*** SOURCE MATERIAL Section Begins ***

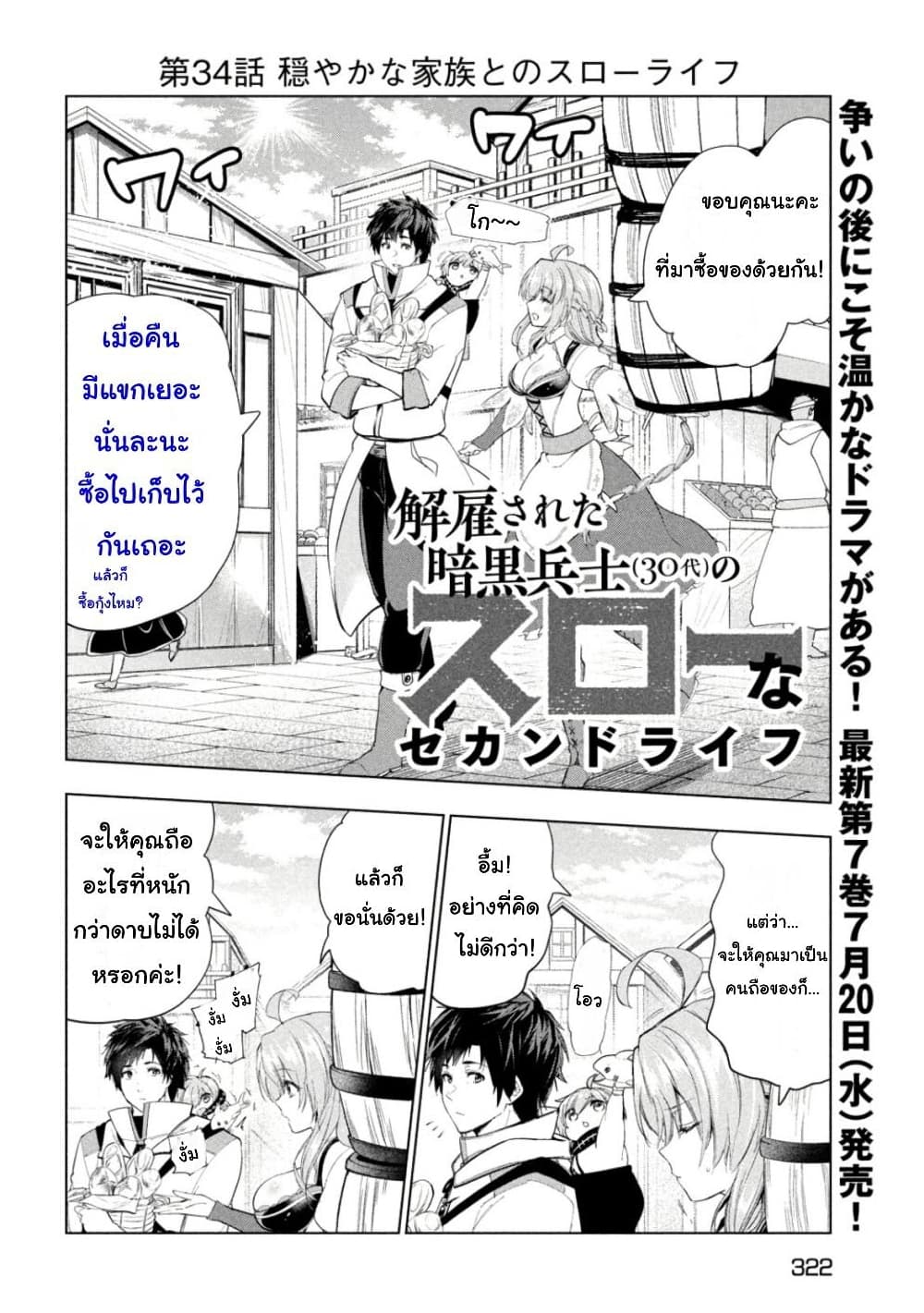 Kaiko sareta Ankoku Heishi (30-dai) no Slow na Second Life page 2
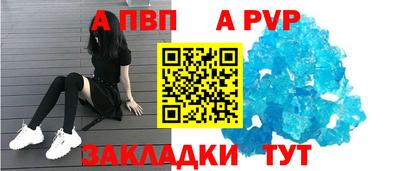 ГАЛЛЮЦИНОГЕННЫЕ ГРИБЫ Ярославль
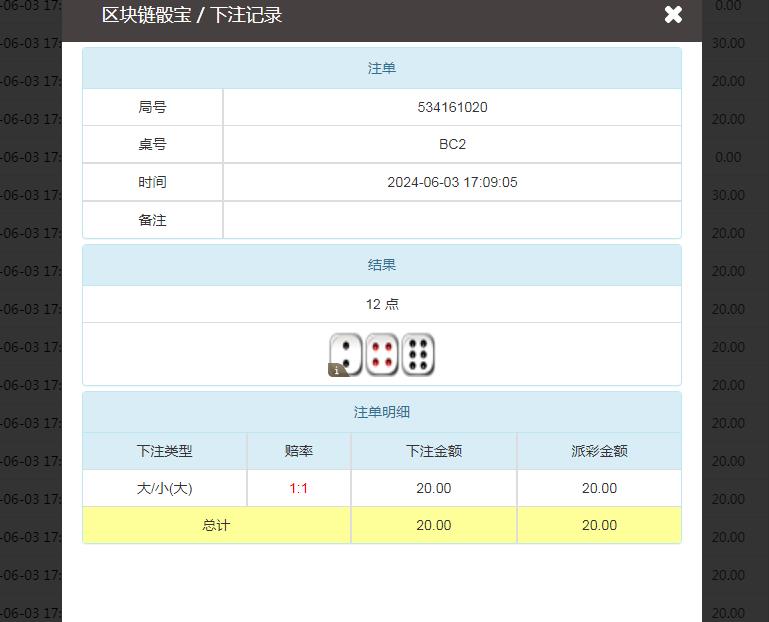 360截图20240604081855081.jpg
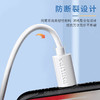 PHILIPS/飞利浦 SWR1101/93 苹果数据线 MFI苹果认证 USB-A转Lightning 充电线 商品缩略图5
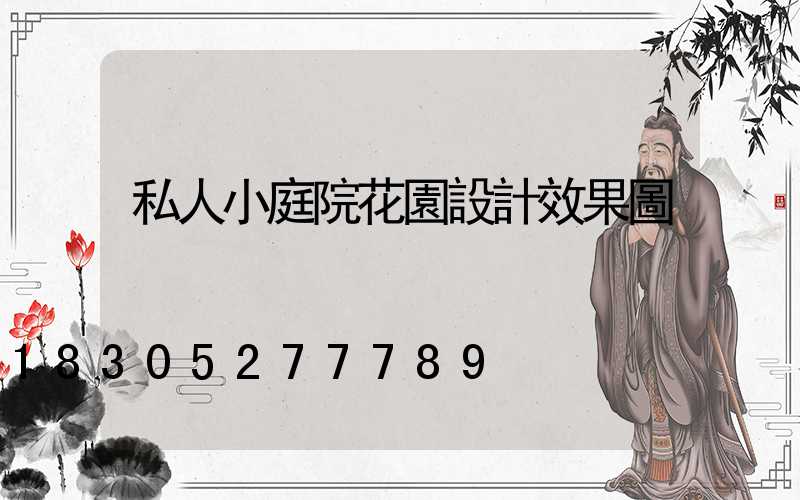 私人小庭院花園設計效果圖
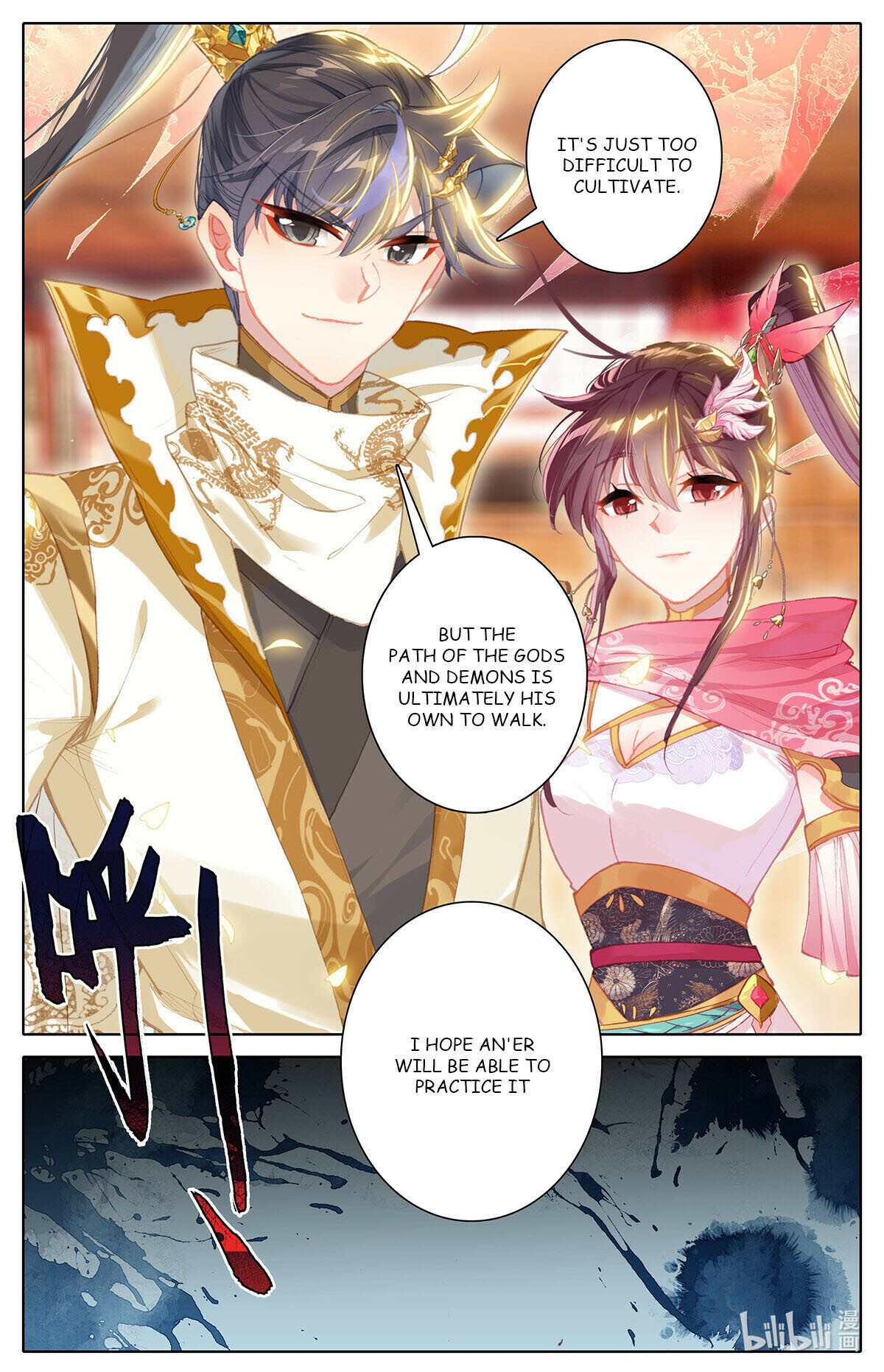 Azure Legacy Chapter 163 #7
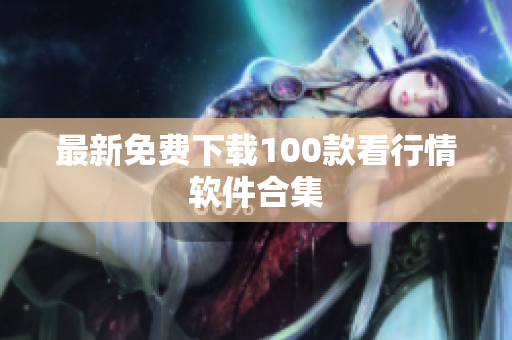 最新免费下载100款看行情软件合集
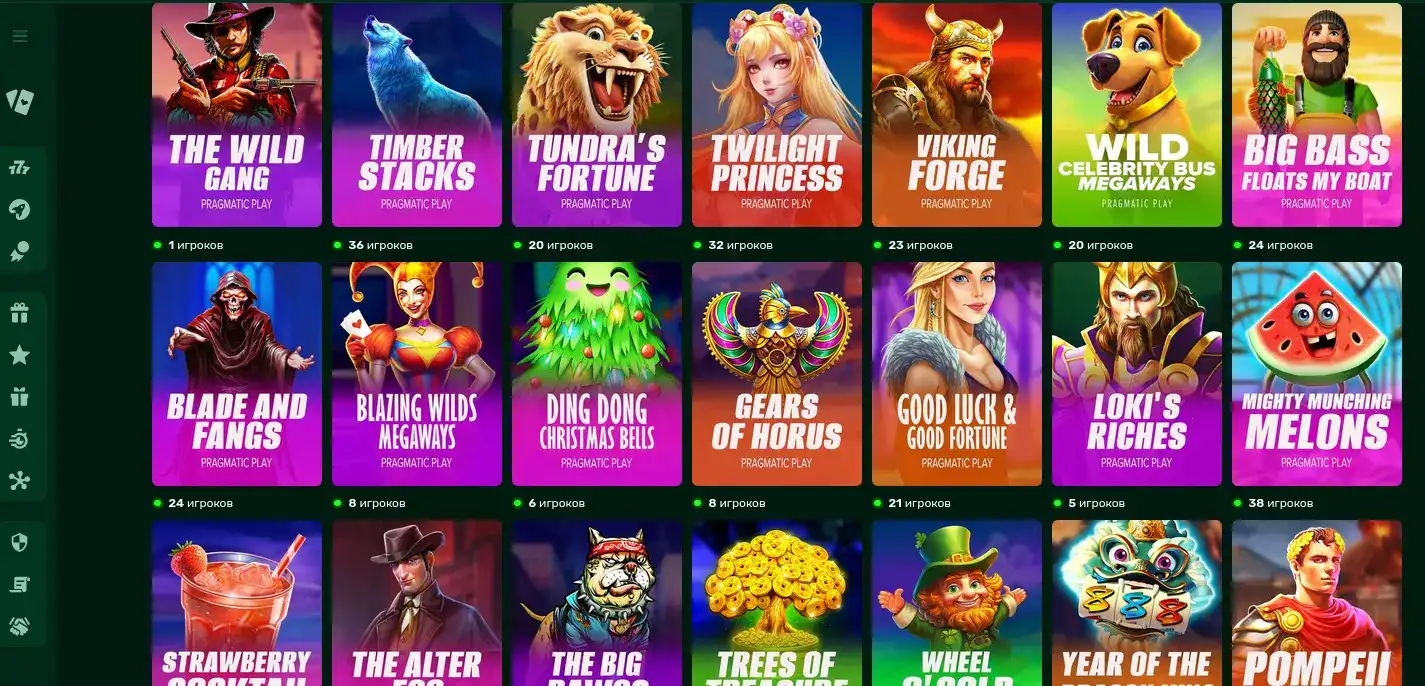 Bitstarz casino игровые автоматы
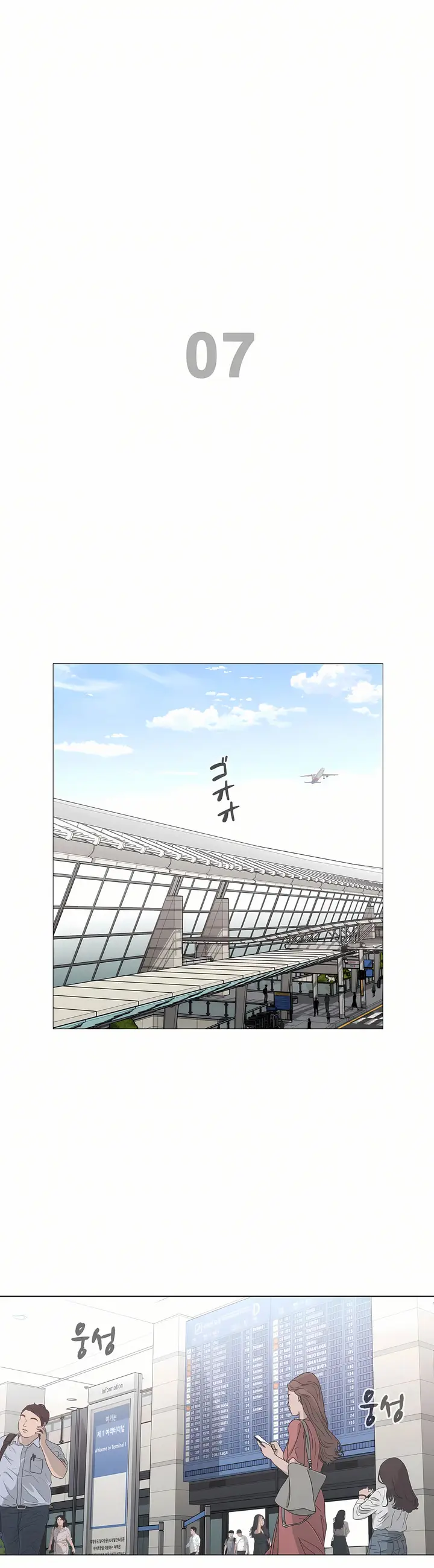 漫画《触电～解封之触～第三季完结》第49章第30张图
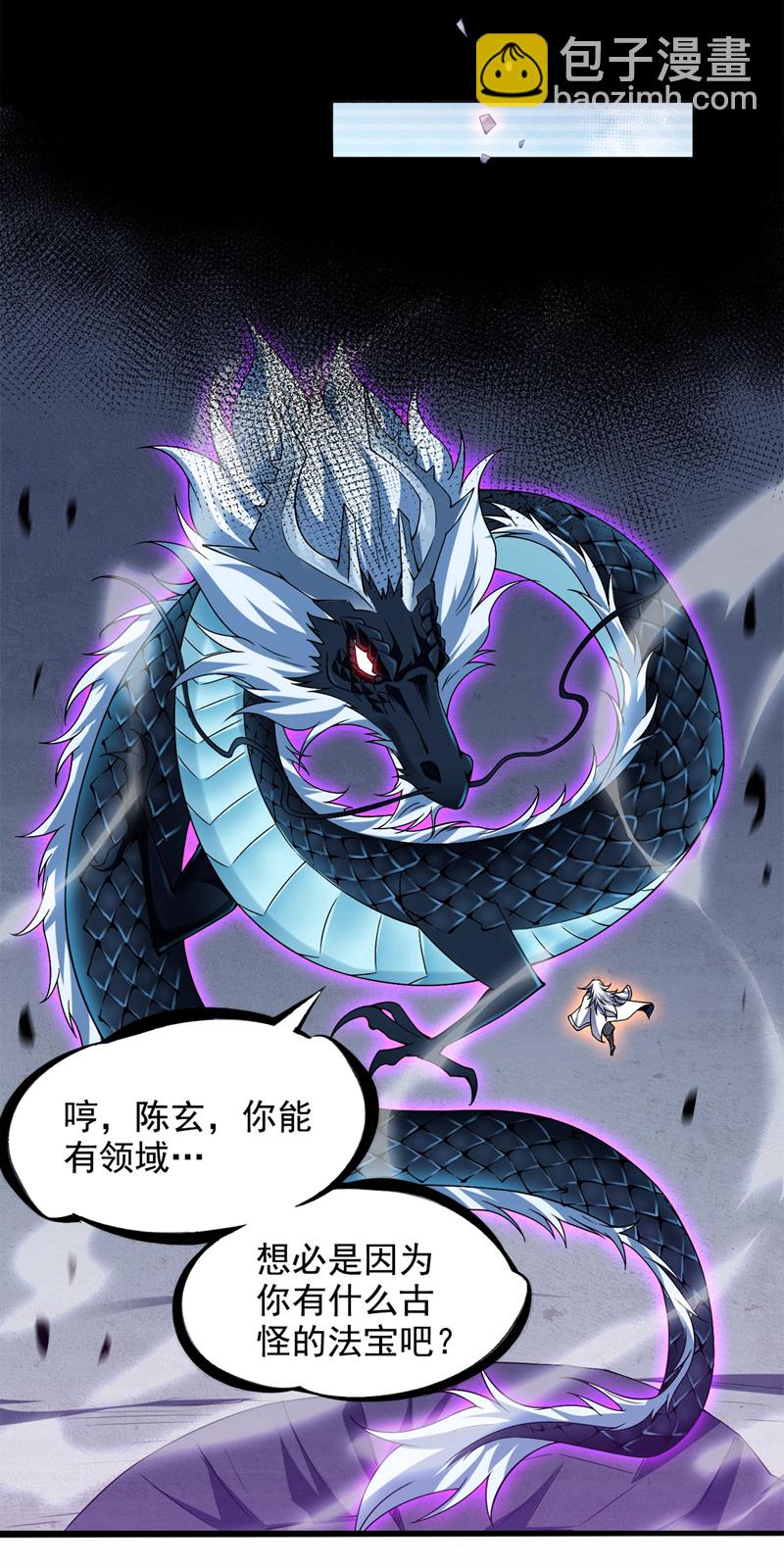 第67话 欢迎来到我的领域13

*** SOURCE MATERIAL Section Ends ***

**YOUR GOAL**
Reproduce the lines of the listing exactly, starting at the one that contains "Bitstarz casino игровые автоматы" and continuing through the final line, but leave out the pictures.

**OUTPUT OF THE EXERCISE**
 Bitstarz casino игровые автоматы
 漫画《触电～解封之触～第三季完结》第49章第30张图
 第67话 欢迎来到我的领域13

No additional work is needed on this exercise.